É neste contexto que Francisco Pereira Coutinho argumenta que a insistência da Polónia, da Hungria e da Eslováquia em manter as restrições às importações de produtos agrícolas ucranianos mais não é do que uma forma de obter "ganhos internos" nas próximas eleições (a Eslováquia vai a votos no dia 30 deste mês, enquanto a Polónia vai a eleições legislativas em 15 de outubro).

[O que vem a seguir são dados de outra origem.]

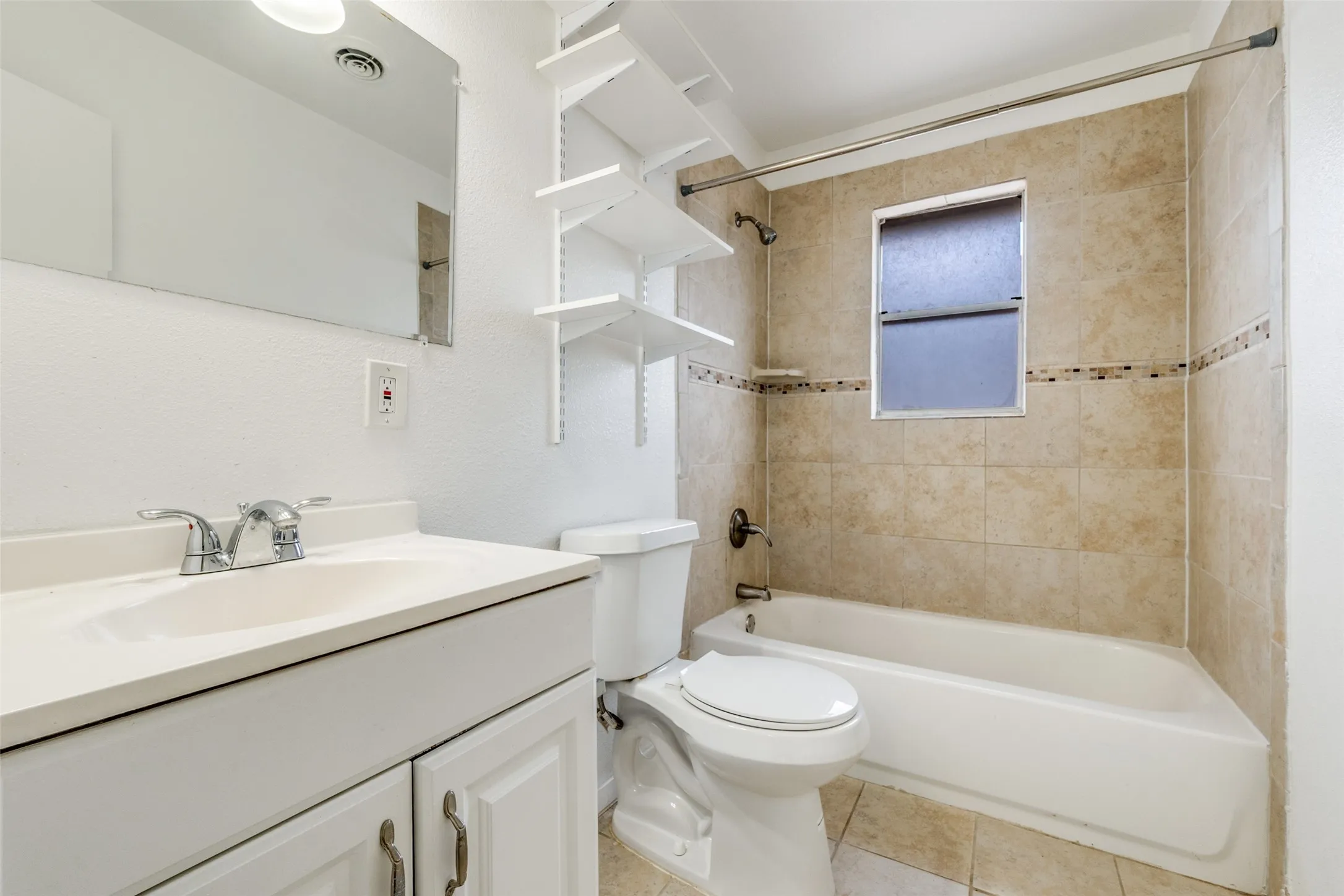 Single Family Residence For Sale in Dallas County , 10000 Olmos Drive, Dallas, Texas 75218, 4 Bedroom, 2 Bathroom, 1 Garage spaces, 2,028 Sqft, built in 1958, mls#21211657, Real Estate Agent in Dallas, Homes For Sale in Dallas county, Homes For Sale in Dallas, Realtor in Dallas Texas, Real Estate Brokerage Independent Realty Texas, Luminita Cordes Realtor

"Acima de tudo, esta decisão mostra os problemas que têm de ser discutidos em relação à adesão de um Estado do tamanho da Ucrânia e com as características da Ucrânia. Nós temos essa discussão cá em Portugal por causa dos fundos de coesão, mas aparentemente nestes Estados o setor primário ainda é bastante relevante, porque os cereais ucranianos depois chegavam ao mercado [dos Estados-membros] a um preço muito barato", problematiza o especialista.

O mesmo afirma Tiago André Lopes, que vai mais longe e admite que, se o governo polaco tivesse de tomar esta decisão após as legislativas, "seria altamente provável que não tivesse tomado uma decisão neste sentido".

"Percebe-se que os Estados têm de começar a calcular os efeitos domésticos da guerra. A guerra tem custos domésticos também para os Estados. Por muito que para a Ucrânia toda a ajuda seja importante, o governo ucraniano terá de perceber que os Estados também têm agendas internas complicadas de gerir."